As a congregation we’re taking up the challenge to pray and fast for the next three months as we listen for God’s message to us. There’s a range of ways you might choose to engage with this challenge – after all, we are each in difference spaces and rhythms of life. Wherever your life is up to though, there is a way to step into prayer and even into fasting for you.

I’ve taken up the habit of reading and praying over Psalms every night (well almost every night if I’m honest). At times it’s a hard slog and I wonder what these poems and hymns have to say to me; and at other times my spirit soars as these words bring me closer into the presence of the Holy Spirit. The nature of the habit and practice is to keep at it, regardless of how “effective” or “enlightening” each experience feels.

If this is something you’d like to take up, there are a range of ways into this practice.

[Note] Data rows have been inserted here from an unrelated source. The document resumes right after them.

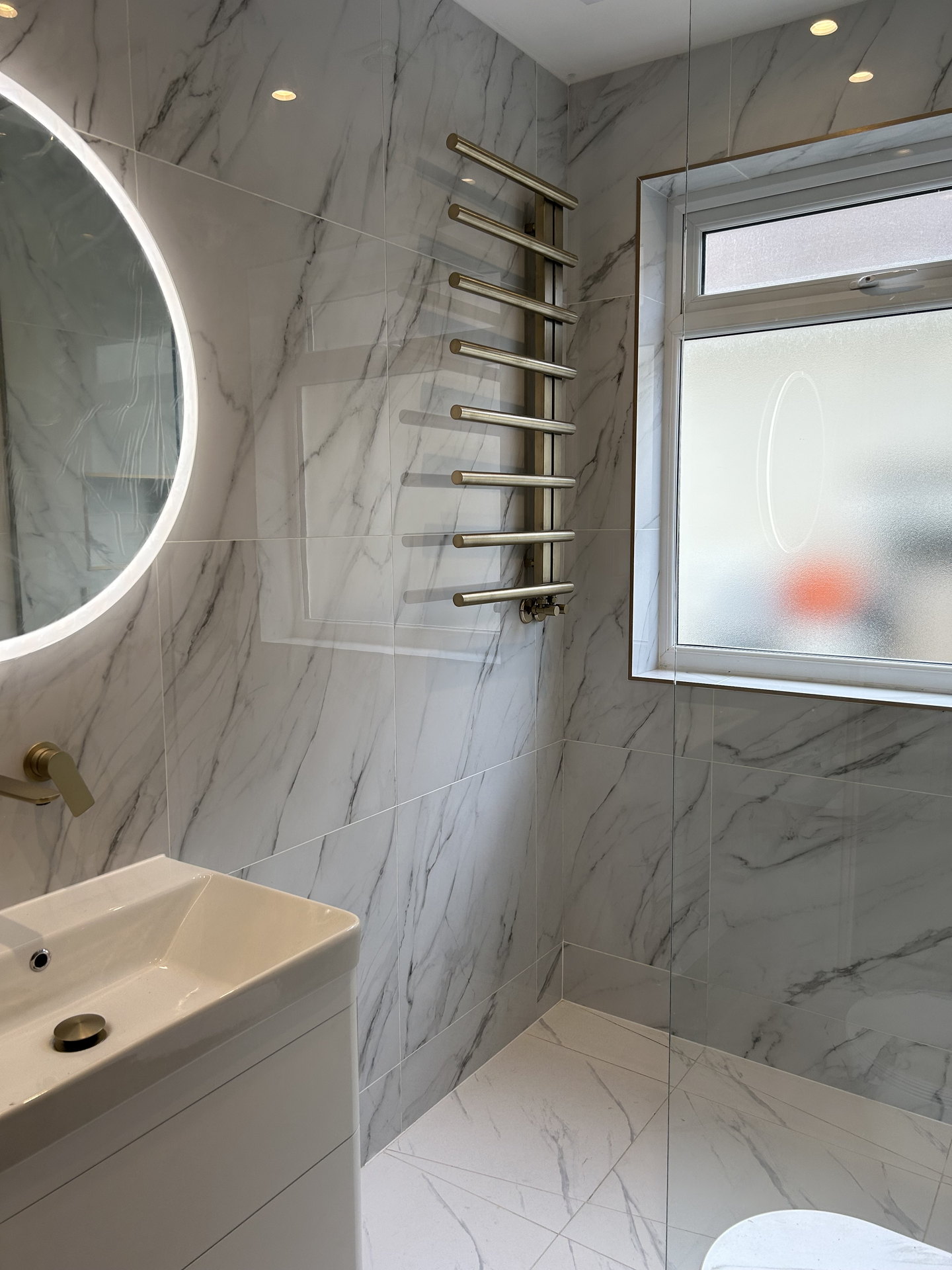 The backlit round mirror over the vanity, the brass towel rail and the frosted window over the shower, on white marble-effect tile.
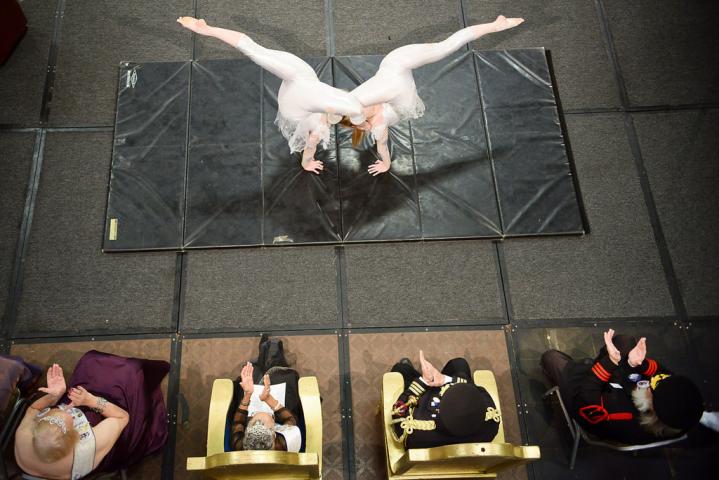 Libbi Ulm, 18, of White Bear Lake, right, and Jenna Ober, 15, of Minneapolis, both with Circus Juventas, undulate together during the the Senior Royalty Coronation ceremony. (Pioneer Press: Ben Garvin)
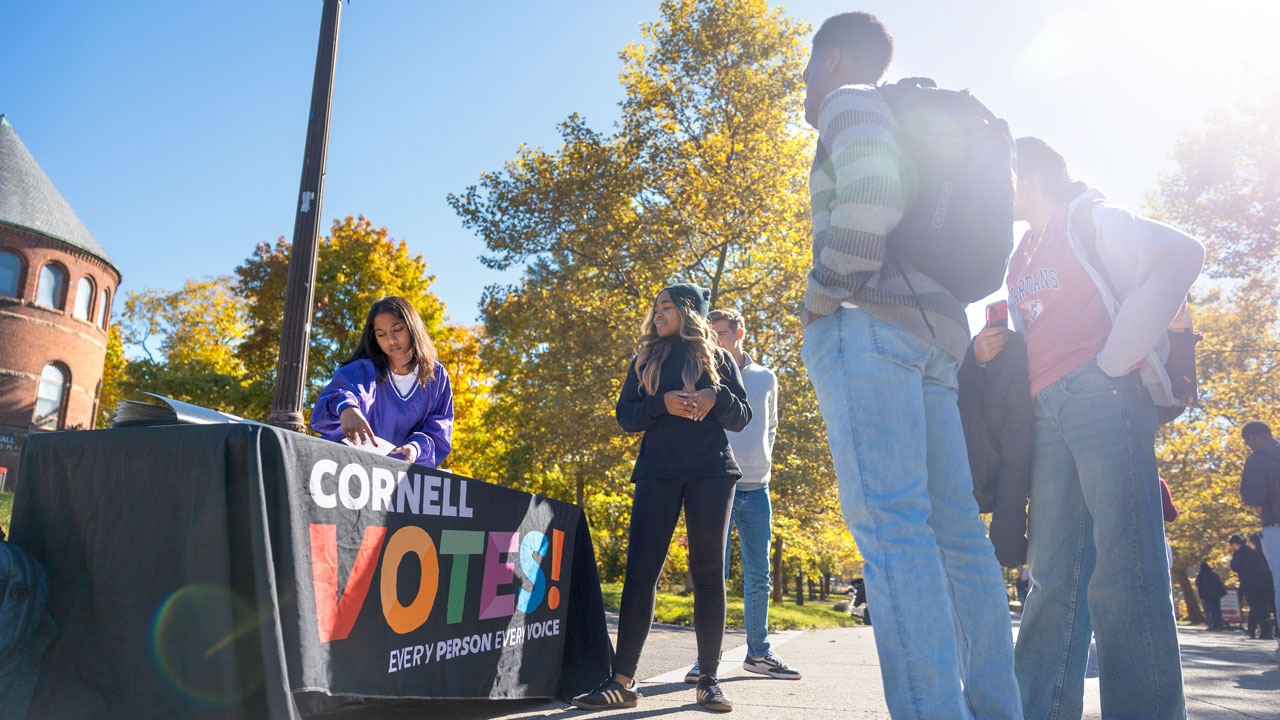 Students from the Cornell Policy Group, a nonpartisan student organization, help others register to vote on Ho Plaza.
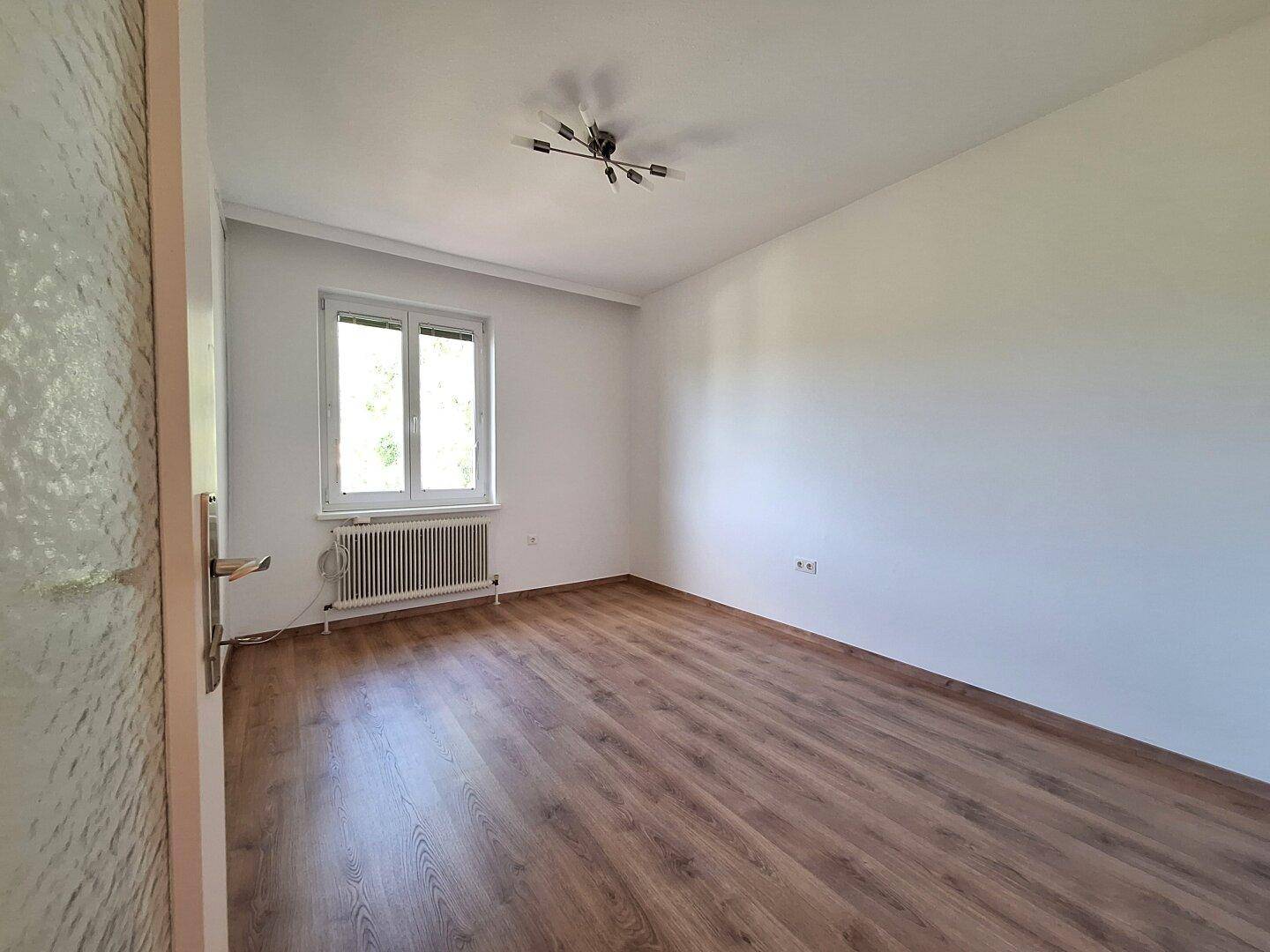 Leeres Schlafzimmer mit Laminatboden, weißen Wänden und einem großen Fenster.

  1. This article is one of the simplest and clearest starting points for praying the psalms that I know (hint: start by saying them out loud to yourself).
  2. For a bit more depth, these two classic books on the practice have been important to me over the years. Thomas Merton’s book is an absolute gem, and Walter Brueggemann is at his insightful best in his book.
  3. One of my old theology professors used the psalms as a guide to journaling. He would start by reading the psalm, then sitting in silence for a few minutes. Then he would write the psalm out slowly by hand. Only after he had done this would he then allow his brain to run wild with thoughts, images and phrases that caught his attention – letting the cascade onto the page and seeing where it led him. I imagine it was a mind dump that gathered up biblical images along the way to the page.
  4. For something different, our friend Dr Ben Myers compiled an anthology of the best short passages about prayer over at his Faith and Theology blog here. You may find some sparks of inspiration to get you moving into prayer.

 

Finally, check out some of the incredible musical work of  Sons of Korah – who have spent many years putting the psalms to song.  I know for myself, and several others in the congregation, that their rendition of Psalm 130 has been a spiritual foundation stone.